À la naissance de sa fille, Rahne est déjà terriblement démuni pour assurer la subsistance de sa famille. Il a deux garçons, Sasha est une fille, elle sera donc sacrifiée. La petite ne doit la vie qu’à la détermination de Mouna, sa mère, qui fuit la maison. Elle n’y revient, avec l’enfant, qu’une fois le désir de mort du père digéré. Huit ans plus tard, il n’y a plus d’eau. Rahne se résout à quitter son village. Avec sa femme, ses deux garçons, sa fille, quelques chèvres et une chamelle, il traverse une contrée inhospitalière où règnent en maître des bandes organisées de soudards qui dépouillent les voyageurs, pour affronter ensuite des ennemis encore plus impitoyables, le soleil et la soif.

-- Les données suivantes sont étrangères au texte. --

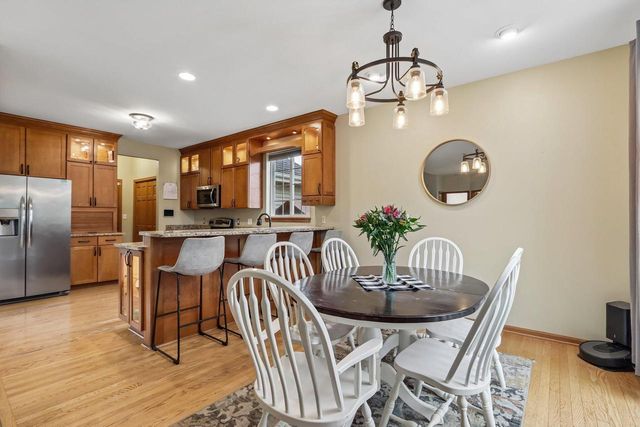 3622 Applewood DRIVE, Waukesha, WI 53189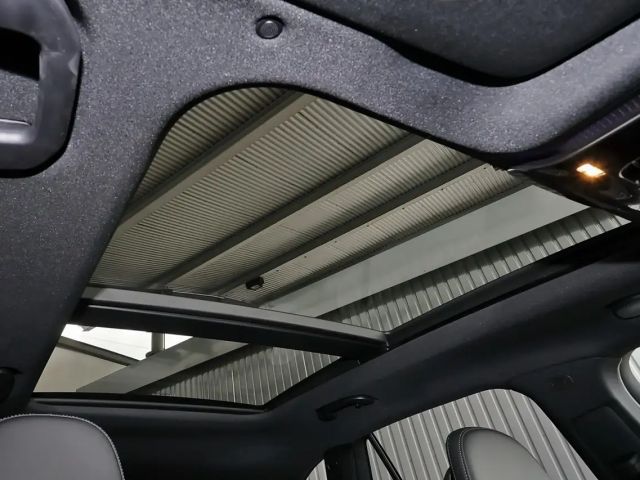 Mercedes-Benz GLC 300 4MATIC AMG Line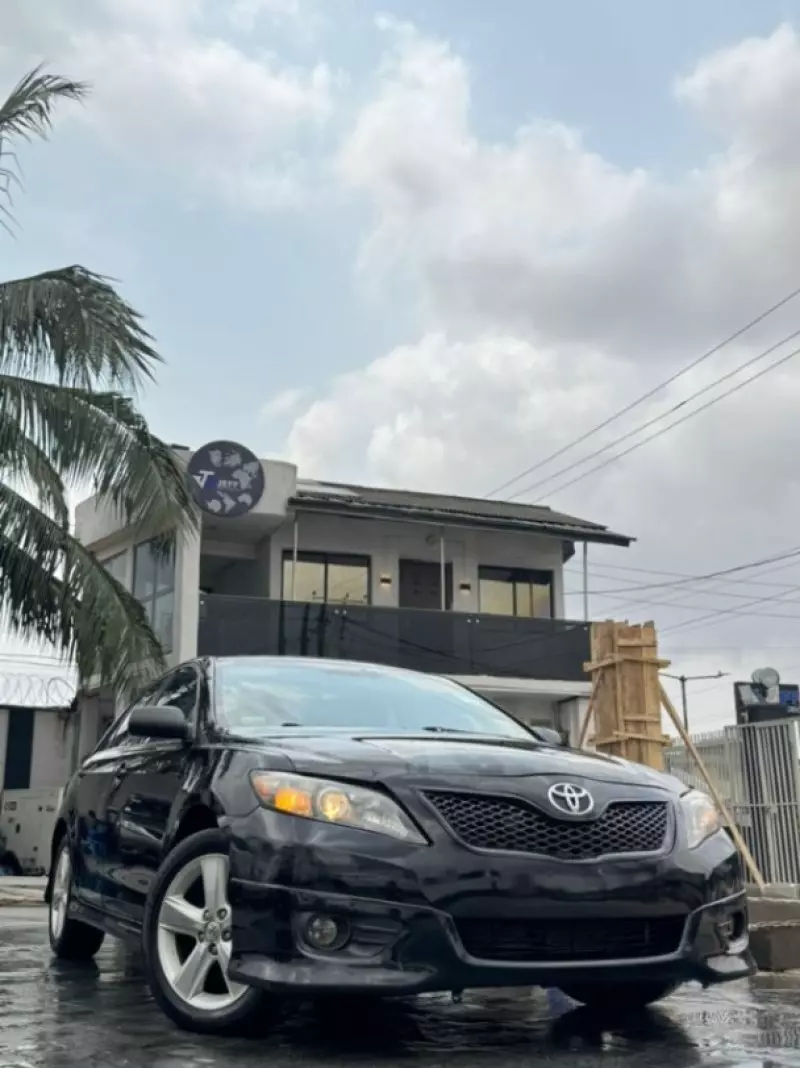 Toyota Camry   - 2011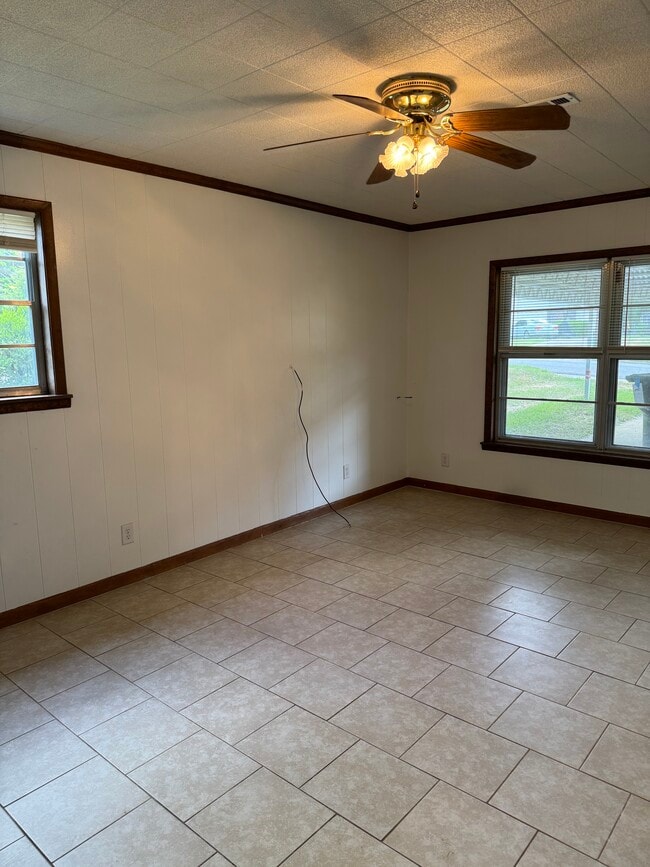 Photo - 114 Fairview Ln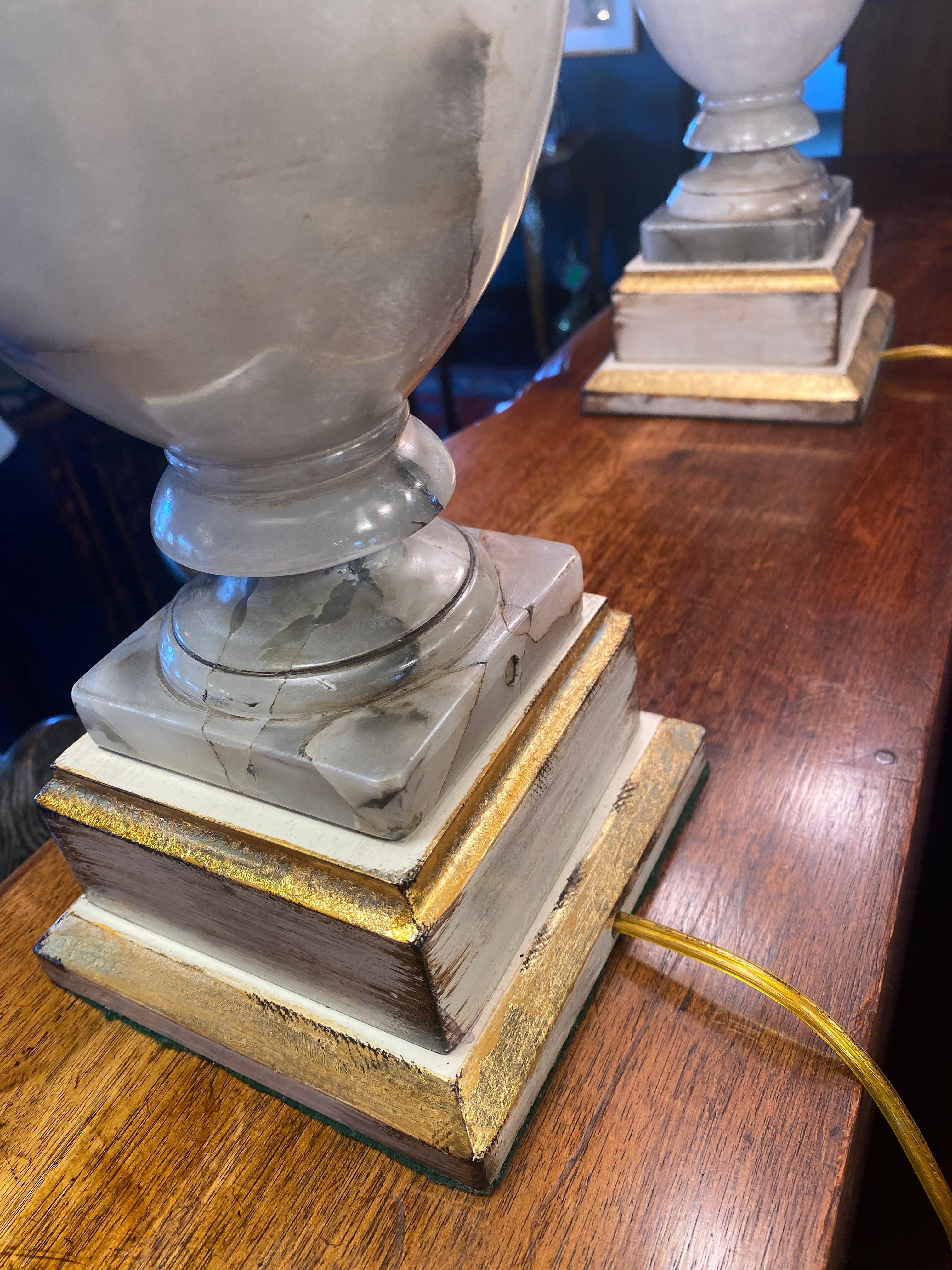 Paire de lampes de bureau néoclassiques en forme d'urne en onyx de style néoclassique en vente 3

Malgré les épreuves et les pertes, il faut aller toujours plus avant dans un désert aveuglant, splendide et impitoyable. Continuer jusqu’au bout de ses forces avec, chevillé au corps, l’espoir d’arriver quelque part, à tout prix, pour survivre.
Au long de ce voyage, Rahne découvre enfin sa fille, à laquelle il accordait bien moins de valeur qu’à ses deux garçons. Il l'aurait volontiers sacrifiée pour les sauver. Sasha se révèle un trésor de courage, de force tranquille, de ténacité et d’amour qui finira par remplir le cœur de Rahne. L'errance de ces réfugiés climatiques est au centre du film. Derrière la froide lucidité avec laquelle Marion Hänsel filme cette épopée, on sent toute la rage de la femme en révolte contre l’égoïsme et la bêtise, le désir de nous mettre face à nos responsabilités devant une réalité qu’il est de plus en plus urgent de rencontrer. La manière dont la cinéaste nous y confronte, avec son regard aiguisé et une absence totale de pathos, nous la rend plus effroyable encore. Si Marion Hänsel avait voulu en rester là, il lui aurait suffi d'un documentaire sur le sort des populations vivant sur des territoires en voie de désertification. Mais elle préfère nous raconter une histoire, forte et désespérée qui est, en même temps, un magnifique hymne à la vie. Avec le sens de l’image qu’on lui connaît, aidée comme de coutume par la splendide photo de Walther Vanden Ende, elle nous emmène avec la petite troupe à travers ces contrées rocailleuses, sablonneuses, brûlées de soleil, au rythme lent de Chamelle, le dromadaire, dernier espoir de survie pour Rahne et sa famille. Comme à son habitude, la réalisatrice épure son film de tout sentimentalisme inutile, se retranchant derrière une extrême pudeur de sentiments. C’est cette retenue qui confère au film toute sa force et son impact. Le spectateur accompagne quasi physiquement ces exilés de la soif.
Après avoir vu Si le vent soulève les sables, le spectateur ne pourra plus ouvrir un robinet sans revoir le petit visage de Sasha, ravagé par la soif et levé vers le ciel dans lequel passe un avion de ligne. Force du cinéma, impact des images que Marion sait très bien exploiter. Cette face dramatique est heureusement compensée par l’histoire solaire, chaleureuse, pétrie d’humanité et d’humour de la marche d’un père vers sa fille. Condamnée à exercer toute sa séduction pour exister dans le regard d’un père pour qui une fille a à peine plus de valeur que les chèvres qu’il convoie, la petite Sasha, sans avoir l’air d’y toucher, va s’imposer dans le cœur paternel avec sa vitalité, sa joie de vivre, son charme, son humour, son courage désespéré. Elle est l’espoir pour les Africaines, d’un rapport homme/femme plus égalitaire et plus respectueux. C’est cet espoir et cette humanité, alliés au charme d'une lumineuse fillette, qui rendent supportable un récit sans concession.